======== Record extracts ========

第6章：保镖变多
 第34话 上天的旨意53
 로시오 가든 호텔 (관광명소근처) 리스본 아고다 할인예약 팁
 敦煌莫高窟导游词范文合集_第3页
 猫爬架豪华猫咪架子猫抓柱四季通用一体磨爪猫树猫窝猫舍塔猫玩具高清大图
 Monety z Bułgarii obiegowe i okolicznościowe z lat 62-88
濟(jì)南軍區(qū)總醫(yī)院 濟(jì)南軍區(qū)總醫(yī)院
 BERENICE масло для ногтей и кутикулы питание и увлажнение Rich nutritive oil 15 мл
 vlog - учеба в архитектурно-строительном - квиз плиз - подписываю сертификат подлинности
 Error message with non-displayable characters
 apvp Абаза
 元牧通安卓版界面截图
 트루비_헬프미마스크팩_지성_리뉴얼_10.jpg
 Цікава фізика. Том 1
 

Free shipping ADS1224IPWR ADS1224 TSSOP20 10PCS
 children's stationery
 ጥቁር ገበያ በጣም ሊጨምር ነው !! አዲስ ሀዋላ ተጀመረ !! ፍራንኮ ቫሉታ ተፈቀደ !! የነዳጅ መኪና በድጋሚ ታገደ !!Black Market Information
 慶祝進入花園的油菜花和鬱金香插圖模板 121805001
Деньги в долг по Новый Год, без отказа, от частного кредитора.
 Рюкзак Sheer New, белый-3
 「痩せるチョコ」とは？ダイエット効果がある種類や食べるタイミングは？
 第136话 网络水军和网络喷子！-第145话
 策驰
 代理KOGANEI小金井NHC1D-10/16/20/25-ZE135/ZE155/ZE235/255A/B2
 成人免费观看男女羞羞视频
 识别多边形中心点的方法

========

Your answer should hold exactly the lines from the one containing "로시오 가든 호텔 (관광명소근처) 리스본 아고다 할인예약 팁" to the last line of the data, both included, and no others.

 로시오 가든 호텔 (관광명소근처) 리스본 아고다 할인예약 팁
 敦煌莫高窟导游词范文合集_第3页
 猫爬架豪华猫咪架子猫抓柱四季通用一体磨爪猫树猫窝猫舍塔猫玩具高清大图
 Monety z Bułgarii obiegowe i okolicznościowe z lat 62-88
濟(jì)南軍區(qū)總醫(yī)院 濟(jì)南軍區(qū)總醫(yī)院
 BERENICE масло для ногтей и кутикулы питание и увлажнение Rich nutritive oil 15 мл
 vlog - учеба в архитектурно-строительном - квиз плиз - подписываю сертификат подлинности
 Error message with non-displayable characters
 apvp Абаза
 元牧通安卓版界面截图
 트루비_헬프미마스크팩_지성_리뉴얼_10.jpg
 Цікава фізика. Том 1
 

Free shipping ADS1224IPWR ADS1224 TSSOP20 10PCS
 children's stationery
 ጥቁር ገበያ በጣም ሊጨምር ነው !! አዲስ ሀዋላ ተጀመረ !! ፍራንኮ ቫሉታ ተፈቀደ !! የነዳጅ መኪና በድጋሚ ታገደ !!Black Market Information
 慶祝進入花園的油菜花和鬱金香插圖模板 121805001
Деньги в долг по Новый Год, без отказа, от частного кредитора.
 Рюкзак Sheer New, белый-3
 「痩せるチョコ」とは？ダイエット効果がある種類や食べるタイミングは？
 第136话 网络水军和网络喷子！-第145话
 策驰
 代理KOGANEI小金井NHC1D-10/16/20/25-ZE135/ZE155/ZE235/255A/B2
 成人免费观看男女羞羞视频
 识别多边形中心点的方法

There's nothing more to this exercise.